◆ INSTRUCTIONS FOR THE TASK:
Write out each entry below exactly; the images do not belong in your copy.

◆ TASK MATERIAL:
┌────────

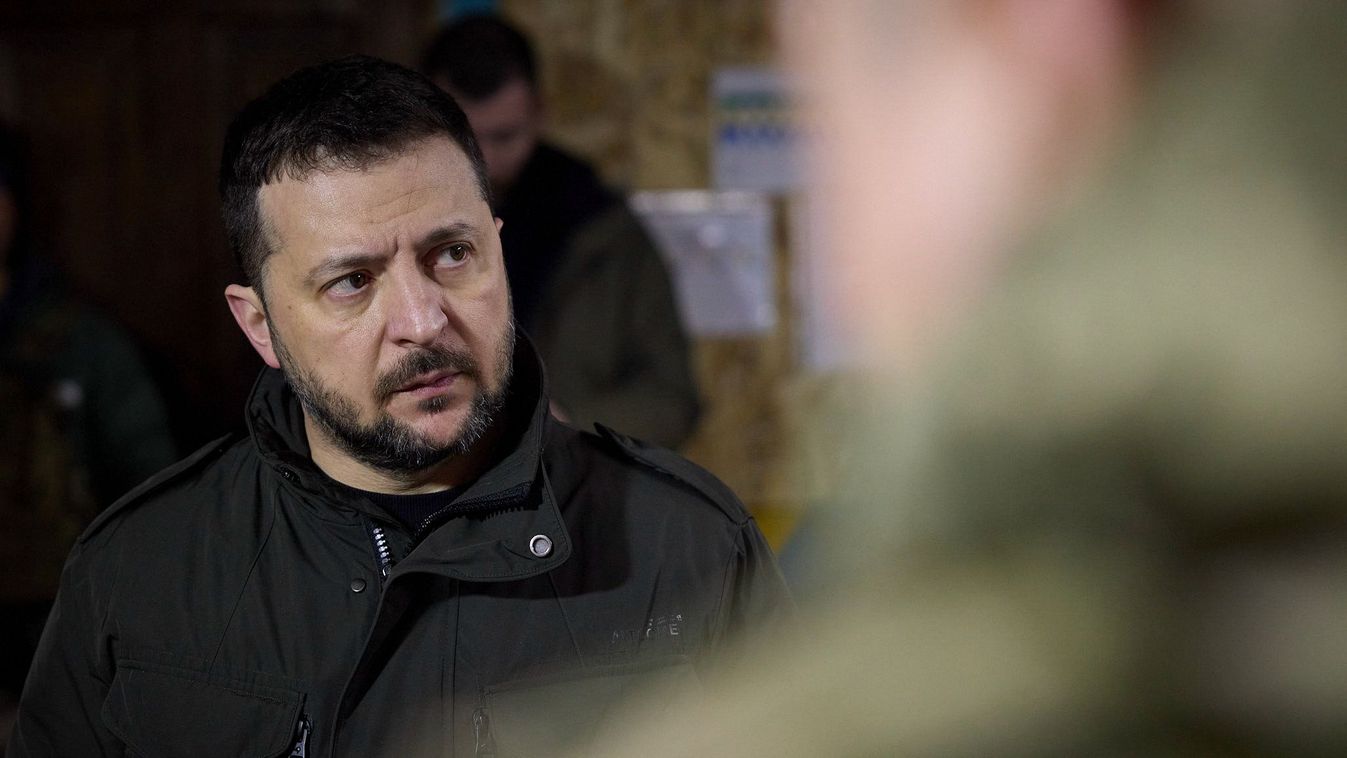 Ukrán elnök: kulcsfontosságú a légvédelem megerősítése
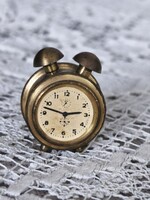 Miniatűr sárgafém ébresztőóra: tündéri vintage babaház kiegészítő   32.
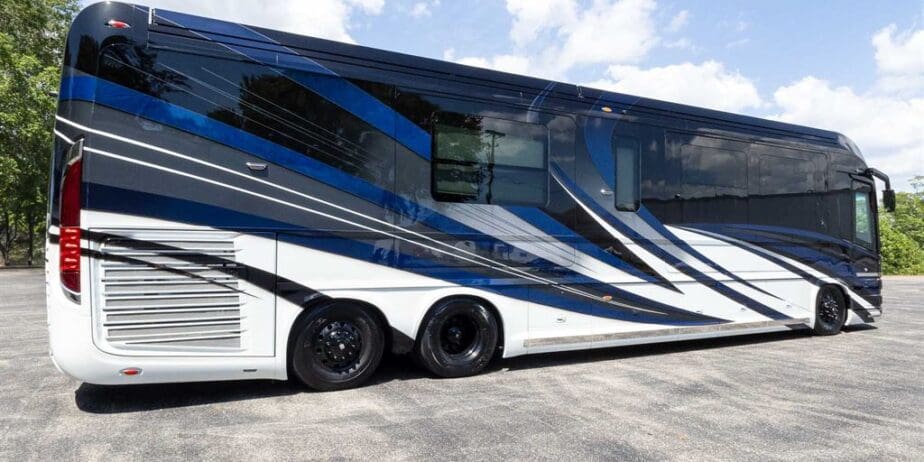 202020Newell20P5020Exterior20SM-04_copy1
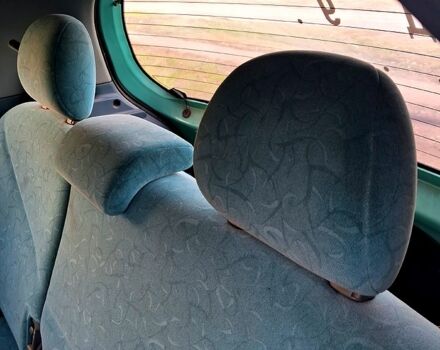 Зеленый Тойота Ярис, объемом двигателя 1 л и пробегом 254 тыс. км за 3000 $, фото 2 на Automoto.ua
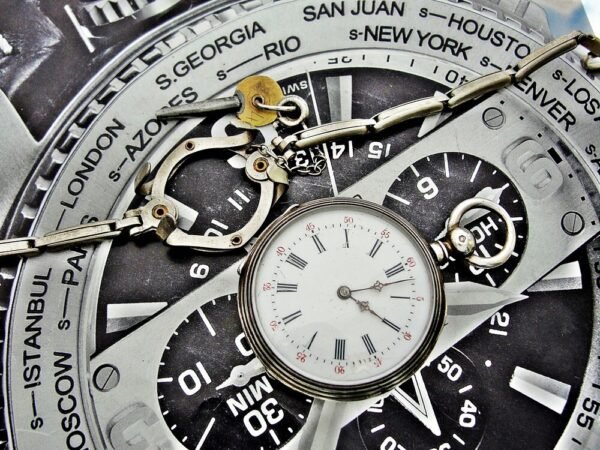 A rare nun's watch with a silver key from the 1800s that can be worn on the arm. - Image 5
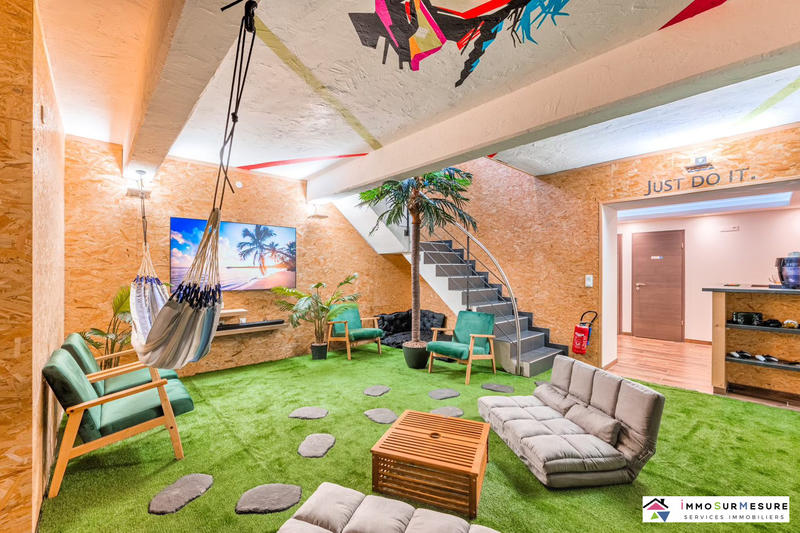 Appartement - 204 m² - 5 pièces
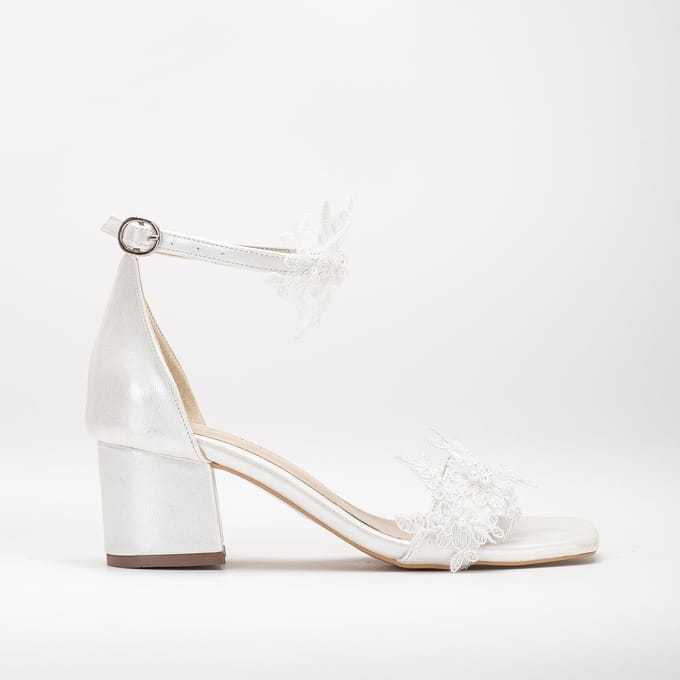 Flora Lace Bridal Laag Hak Sandalen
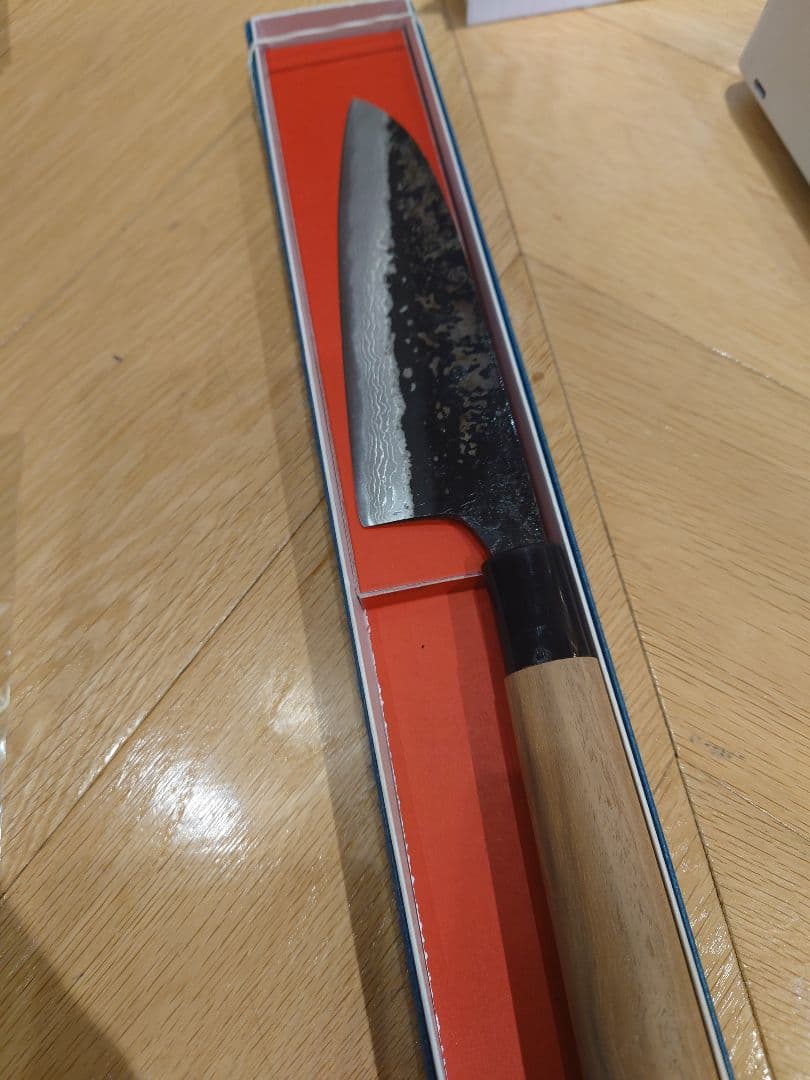 安来鋼 青紙二号 黒打ち ダマスカス 三徳包丁 170mm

└────────

◆ WORKED SOLUTION:
 Ukrán elnök: kulcsfontosságú a légvédelem megerősítése
 Miniatűr sárgafém ébresztőóra: tündéri vintage babaház kiegészítő   32.
 202020Newell20P5020Exterior20SM-04_copy1
 Зеленый Тойота Ярис, объемом двигателя 1 л и пробегом 254 тыс. км за 3000 $, фото 2 на Automoto.ua
 A rare nun's watch with a silver key from the 1800s that can be worn on the arm. - Image 5
 Appartement - 204 m² - 5 pièces
 Flora Lace Bridal Laag Hak Sandalen
 安来鋼 青紙二号 黒打ち ダマスカス 三徳包丁 170mm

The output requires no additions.